So the idea is that when I started my career, well, 20 years ago, there was no continuous anything. It was just sometimes you could test locally. But then with time, we saw there were a lot of problems when you deploy to production, even though we went through staging before, even though there were perhaps multiple steps. And we wanted to have first continuous integration, like compiling and testing that all the changes from the team are okay and can be nicely integrated. And I believe nowadays everybody should be at this step. Everybody should do continuous integration. Probably if you don't do continuous integration at your company, then perhaps you are not at the right company, but there is a whole new level. And I'm a bit disappointed that sometimes and most of the time we conflate the two terms CI and CD. CI is continuous integration. CD, it depends. Could be continuous delivery or continuous deployment. And really, it's a huge step between continuous integration and any one of them.
Continuous delivery is the idea that you make your package ready to be deployed, but the deployment is still a business decision. So you say, "Hey, we are ready to deploy." You ask the businesses. Business says yes. You press a button.
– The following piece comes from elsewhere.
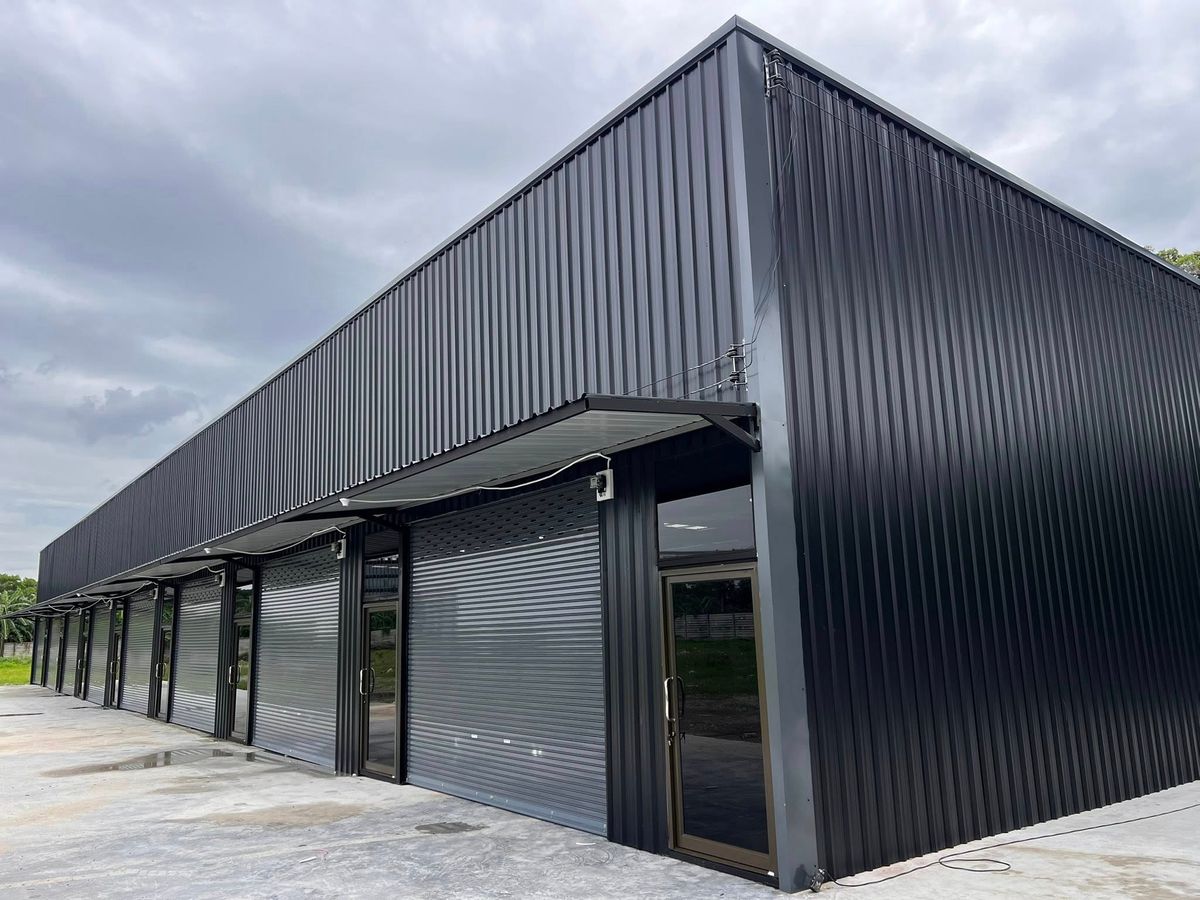 For Rent, 📦 New Warehouse size 144 sq.m 📍 Rama 9, Srinakarin, Phatthanakan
Then it's deployed. And continuous deployment is the idea that there is no human intervention. It's a completely, fully automated process from the commands to the deployment and all in between. You have, as I mentioned, the compilation if it's in a language where compilation is necessary. You have the testing. Perhaps you have unit testing. Perhaps you have integration testing. You have quality gauges if necessary. You have everything. Everything is automated. And in the end, your software is deployed in production. And in general, all people like me, we are used to, hey, we want to deploy to production. We will stop the application. We will have a static page saying, "Hey. Dear customers or dear users, we are down for a few minutes. Please come back in 15 minutes," 20 minutes, whatever.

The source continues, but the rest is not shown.